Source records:
--- START ---

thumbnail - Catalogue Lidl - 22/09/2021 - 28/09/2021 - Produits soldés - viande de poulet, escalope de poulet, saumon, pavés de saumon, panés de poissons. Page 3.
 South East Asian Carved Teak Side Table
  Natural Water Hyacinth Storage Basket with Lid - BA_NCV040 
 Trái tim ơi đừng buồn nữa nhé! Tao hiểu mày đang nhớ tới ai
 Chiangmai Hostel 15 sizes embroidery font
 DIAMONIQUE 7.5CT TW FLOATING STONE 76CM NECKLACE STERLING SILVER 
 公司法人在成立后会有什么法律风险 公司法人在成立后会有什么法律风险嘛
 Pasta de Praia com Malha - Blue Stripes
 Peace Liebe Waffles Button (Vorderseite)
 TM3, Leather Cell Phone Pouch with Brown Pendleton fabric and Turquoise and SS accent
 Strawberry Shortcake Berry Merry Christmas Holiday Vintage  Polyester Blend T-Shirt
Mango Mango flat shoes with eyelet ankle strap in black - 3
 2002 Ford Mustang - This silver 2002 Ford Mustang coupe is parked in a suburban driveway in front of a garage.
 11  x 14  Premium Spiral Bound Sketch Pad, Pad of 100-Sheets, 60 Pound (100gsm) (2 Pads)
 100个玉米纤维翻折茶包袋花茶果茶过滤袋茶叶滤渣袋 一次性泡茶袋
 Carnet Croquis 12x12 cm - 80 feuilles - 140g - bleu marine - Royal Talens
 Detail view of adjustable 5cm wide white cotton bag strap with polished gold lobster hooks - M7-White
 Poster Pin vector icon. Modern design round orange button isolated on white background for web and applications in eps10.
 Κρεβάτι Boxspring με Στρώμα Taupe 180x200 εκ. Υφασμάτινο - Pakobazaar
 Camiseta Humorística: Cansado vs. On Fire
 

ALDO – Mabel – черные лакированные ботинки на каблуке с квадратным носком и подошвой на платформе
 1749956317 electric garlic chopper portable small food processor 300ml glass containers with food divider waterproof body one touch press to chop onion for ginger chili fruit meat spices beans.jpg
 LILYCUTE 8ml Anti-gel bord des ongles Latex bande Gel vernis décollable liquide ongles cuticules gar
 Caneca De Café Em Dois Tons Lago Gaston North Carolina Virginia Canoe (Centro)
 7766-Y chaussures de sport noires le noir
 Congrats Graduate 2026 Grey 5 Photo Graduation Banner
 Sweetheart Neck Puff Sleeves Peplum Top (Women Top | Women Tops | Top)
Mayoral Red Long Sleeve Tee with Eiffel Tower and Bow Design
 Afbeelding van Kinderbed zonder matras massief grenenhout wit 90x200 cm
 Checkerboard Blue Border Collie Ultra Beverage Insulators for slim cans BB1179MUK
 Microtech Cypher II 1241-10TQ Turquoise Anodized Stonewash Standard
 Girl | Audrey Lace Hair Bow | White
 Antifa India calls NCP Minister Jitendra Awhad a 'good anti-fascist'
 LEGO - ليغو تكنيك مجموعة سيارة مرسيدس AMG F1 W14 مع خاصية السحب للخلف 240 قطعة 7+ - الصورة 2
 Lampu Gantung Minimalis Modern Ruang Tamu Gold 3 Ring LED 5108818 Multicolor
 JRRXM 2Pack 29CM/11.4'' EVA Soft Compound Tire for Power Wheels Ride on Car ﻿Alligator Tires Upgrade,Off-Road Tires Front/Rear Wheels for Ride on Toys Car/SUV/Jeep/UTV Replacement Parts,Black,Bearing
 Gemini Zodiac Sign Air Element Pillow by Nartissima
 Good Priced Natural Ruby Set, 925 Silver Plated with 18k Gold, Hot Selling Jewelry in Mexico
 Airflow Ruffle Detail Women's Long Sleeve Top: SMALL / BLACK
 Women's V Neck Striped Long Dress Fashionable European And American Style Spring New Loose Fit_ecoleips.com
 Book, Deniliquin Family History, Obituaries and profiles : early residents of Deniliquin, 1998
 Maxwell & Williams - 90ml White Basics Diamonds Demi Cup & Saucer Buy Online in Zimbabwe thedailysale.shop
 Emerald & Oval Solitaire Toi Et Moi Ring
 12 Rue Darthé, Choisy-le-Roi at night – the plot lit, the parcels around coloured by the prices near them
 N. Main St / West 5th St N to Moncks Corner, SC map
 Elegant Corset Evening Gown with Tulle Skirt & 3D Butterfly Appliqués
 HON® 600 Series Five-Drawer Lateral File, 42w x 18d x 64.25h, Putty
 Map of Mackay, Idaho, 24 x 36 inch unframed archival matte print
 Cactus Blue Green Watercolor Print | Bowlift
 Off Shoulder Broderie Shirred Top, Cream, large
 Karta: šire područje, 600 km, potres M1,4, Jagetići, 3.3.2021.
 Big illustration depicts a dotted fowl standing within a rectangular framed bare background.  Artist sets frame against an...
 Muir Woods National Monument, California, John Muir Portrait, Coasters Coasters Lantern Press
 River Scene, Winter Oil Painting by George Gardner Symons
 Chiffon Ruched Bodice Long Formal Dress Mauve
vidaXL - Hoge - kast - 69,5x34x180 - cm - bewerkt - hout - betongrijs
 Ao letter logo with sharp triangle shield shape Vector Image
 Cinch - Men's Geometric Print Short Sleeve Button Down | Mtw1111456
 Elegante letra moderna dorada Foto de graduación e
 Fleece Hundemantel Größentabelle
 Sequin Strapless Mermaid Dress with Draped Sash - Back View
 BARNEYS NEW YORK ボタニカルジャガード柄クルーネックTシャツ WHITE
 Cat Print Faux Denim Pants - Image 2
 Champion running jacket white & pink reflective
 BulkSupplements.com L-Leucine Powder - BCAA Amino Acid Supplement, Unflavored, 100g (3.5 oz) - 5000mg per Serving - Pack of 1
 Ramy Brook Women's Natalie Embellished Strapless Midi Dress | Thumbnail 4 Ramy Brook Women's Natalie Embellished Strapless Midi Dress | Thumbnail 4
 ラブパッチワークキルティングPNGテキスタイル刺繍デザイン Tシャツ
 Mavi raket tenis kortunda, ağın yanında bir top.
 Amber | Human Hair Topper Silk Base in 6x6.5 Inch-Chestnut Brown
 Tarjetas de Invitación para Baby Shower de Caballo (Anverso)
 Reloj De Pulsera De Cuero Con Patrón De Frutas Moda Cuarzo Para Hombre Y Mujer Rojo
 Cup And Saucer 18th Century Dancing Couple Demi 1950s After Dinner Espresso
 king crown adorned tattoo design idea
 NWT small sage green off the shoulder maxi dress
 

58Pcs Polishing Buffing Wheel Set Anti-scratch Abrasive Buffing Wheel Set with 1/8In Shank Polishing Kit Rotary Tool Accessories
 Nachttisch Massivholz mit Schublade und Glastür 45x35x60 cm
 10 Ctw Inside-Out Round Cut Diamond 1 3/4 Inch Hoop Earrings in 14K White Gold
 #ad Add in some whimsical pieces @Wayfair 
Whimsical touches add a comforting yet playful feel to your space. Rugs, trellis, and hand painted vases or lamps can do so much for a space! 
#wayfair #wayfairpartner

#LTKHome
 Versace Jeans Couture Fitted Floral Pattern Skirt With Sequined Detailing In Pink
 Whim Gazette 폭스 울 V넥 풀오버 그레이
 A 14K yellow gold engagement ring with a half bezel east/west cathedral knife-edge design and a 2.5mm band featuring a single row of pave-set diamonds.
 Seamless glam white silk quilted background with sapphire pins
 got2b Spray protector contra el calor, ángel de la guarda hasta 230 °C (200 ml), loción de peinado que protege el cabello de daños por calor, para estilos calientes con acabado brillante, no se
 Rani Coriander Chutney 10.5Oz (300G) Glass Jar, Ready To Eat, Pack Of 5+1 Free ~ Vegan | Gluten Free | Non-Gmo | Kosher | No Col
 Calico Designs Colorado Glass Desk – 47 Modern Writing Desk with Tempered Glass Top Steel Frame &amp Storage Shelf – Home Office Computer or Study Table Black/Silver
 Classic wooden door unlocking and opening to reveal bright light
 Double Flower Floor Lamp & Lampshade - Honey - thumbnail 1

--- END ---

Please return a copy of each line in the entries that has the string "Skirt".

 Elegant Corset Evening Gown with Tulle Skirt & 3D Butterfly Appliqués
 Versace Jeans Couture Fitted Floral Pattern Skirt With Sequined Detailing In Pink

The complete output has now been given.